Estimating a constant WTP for a QALY—a mission impossible? The European Journal of Health Economics [PubMed] Published 21st September 2017

The idea of estimating willingness to pay (WTP) for a QALY has fallen out of fashion. It’s a nice idea in principle but, as the title of this paper suggests, it’s not easy to come up with a meaningful answer. One key problem has been that WTP for a QALY is not constant in the number of QALYs being gained – that is, people are willing to pay less (at the margin) for greater QALY gains. But maybe that’s OK. NICE and their counterparts tend not to use a fixed threshold but rather a range: £20,000-£30,000 per QALY, say.
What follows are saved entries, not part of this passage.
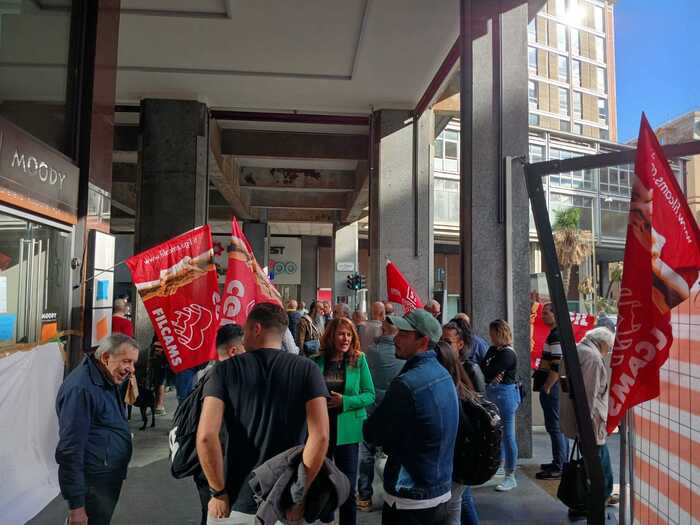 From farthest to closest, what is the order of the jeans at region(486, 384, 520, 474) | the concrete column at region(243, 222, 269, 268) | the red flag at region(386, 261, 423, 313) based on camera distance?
1. the concrete column at region(243, 222, 269, 268)
2. the red flag at region(386, 261, 423, 313)
3. the jeans at region(486, 384, 520, 474)

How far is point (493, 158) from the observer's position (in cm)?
752

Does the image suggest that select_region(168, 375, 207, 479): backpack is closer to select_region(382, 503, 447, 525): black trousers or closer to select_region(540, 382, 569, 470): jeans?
select_region(382, 503, 447, 525): black trousers

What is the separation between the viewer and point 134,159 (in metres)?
17.3

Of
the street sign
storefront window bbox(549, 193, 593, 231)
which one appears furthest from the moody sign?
storefront window bbox(549, 193, 593, 231)

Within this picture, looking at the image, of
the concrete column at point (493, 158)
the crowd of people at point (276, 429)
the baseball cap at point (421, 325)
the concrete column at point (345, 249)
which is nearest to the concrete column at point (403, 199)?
the concrete column at point (493, 158)

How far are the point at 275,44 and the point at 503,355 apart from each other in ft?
22.1

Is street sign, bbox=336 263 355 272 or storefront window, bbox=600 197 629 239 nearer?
storefront window, bbox=600 197 629 239

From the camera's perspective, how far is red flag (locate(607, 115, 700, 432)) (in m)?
2.53

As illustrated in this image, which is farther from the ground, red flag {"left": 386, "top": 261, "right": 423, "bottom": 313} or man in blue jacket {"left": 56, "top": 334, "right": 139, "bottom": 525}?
red flag {"left": 386, "top": 261, "right": 423, "bottom": 313}

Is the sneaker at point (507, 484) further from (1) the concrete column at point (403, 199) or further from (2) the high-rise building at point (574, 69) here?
(2) the high-rise building at point (574, 69)

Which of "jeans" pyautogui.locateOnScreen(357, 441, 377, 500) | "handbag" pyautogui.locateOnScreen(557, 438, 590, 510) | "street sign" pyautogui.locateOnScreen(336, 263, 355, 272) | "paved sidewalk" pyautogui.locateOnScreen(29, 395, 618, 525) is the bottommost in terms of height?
"paved sidewalk" pyautogui.locateOnScreen(29, 395, 618, 525)

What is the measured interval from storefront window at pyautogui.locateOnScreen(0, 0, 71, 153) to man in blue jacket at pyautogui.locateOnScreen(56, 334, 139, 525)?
10.9 ft

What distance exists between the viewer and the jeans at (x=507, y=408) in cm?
579

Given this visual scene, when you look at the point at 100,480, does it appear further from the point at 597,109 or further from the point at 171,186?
the point at 597,109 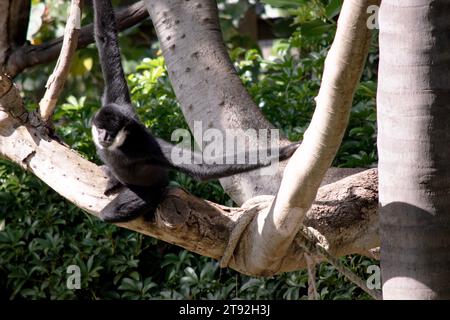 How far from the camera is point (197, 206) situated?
256cm

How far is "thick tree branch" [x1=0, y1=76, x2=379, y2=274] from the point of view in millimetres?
2535

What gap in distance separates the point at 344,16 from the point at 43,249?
3.00 meters

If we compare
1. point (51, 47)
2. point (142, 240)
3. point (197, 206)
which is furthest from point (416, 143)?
point (51, 47)

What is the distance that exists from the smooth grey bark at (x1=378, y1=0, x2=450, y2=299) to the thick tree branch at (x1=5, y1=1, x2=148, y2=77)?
2.58 meters

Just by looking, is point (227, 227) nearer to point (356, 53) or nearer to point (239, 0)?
point (356, 53)

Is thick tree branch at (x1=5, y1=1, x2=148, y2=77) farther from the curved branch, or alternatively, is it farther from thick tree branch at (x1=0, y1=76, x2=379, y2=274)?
thick tree branch at (x1=0, y1=76, x2=379, y2=274)

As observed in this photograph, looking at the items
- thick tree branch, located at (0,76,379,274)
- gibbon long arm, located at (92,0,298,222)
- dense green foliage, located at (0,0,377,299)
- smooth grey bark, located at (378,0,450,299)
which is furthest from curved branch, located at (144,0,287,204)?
smooth grey bark, located at (378,0,450,299)

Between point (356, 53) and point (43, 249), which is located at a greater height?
point (356, 53)

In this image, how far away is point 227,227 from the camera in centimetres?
255

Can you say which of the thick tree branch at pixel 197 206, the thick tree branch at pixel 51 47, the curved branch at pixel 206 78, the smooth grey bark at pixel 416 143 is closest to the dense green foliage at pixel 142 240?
the thick tree branch at pixel 51 47

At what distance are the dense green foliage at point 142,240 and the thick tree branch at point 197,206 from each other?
52.4 inches

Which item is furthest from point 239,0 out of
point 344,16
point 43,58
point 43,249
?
point 344,16

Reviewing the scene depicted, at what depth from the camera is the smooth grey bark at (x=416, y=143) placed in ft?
6.38

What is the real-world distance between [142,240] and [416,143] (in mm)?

So maybe the variability in WTP for a QALY can be reflected in this range. This study explores some of the reasons – including uncertainty – for differences in elicited WTP values for a QALY. A contingent valuation exercise was conducted using a 2014 Internet panel survey of 1,400 Swedish citizens. The survey consisted 21 questions about respondents’ own health, sociodemographics, prioritisation attitudes, WTP for health improvements, and a societal decision-making task. Respondents were randomly assigned to one of five scenarios with different magnitudes and probabilities of health gain, with yes/no responses for five different WTP ‘bids’. The estimated WTP for a QALY – using the UK EQ-5D-3L tariff – was €17,000. But across the different scenarios, the WTP ranged from €10,600 to over a million. Wide confidence intervals abound. The authors’ findings only partially support an assumption of weak scope sensitivity – that more QALYs are worth paying more for – and do not at all support a strong assumption of scope sensitivity that WTP is proportional to QALY gain. This is what is known as scope bias, and this insensitivity to scope also applied to the variability in uncertainty. The authors also found that using different EQ-5D or VAS tariffs to estimate health state values resulted in variable differences in WTP estimates. Consistent relationships between individuals’ characteristics and their WTP were not found, though income and education seemed to be associated with higher willingness to pay across the sample. It isn’t clear what the implications of these findings are, except for the reinforcement of any scepticism you might have about the sociomathematical validity (yes, I’m sticking with that) of the QALY.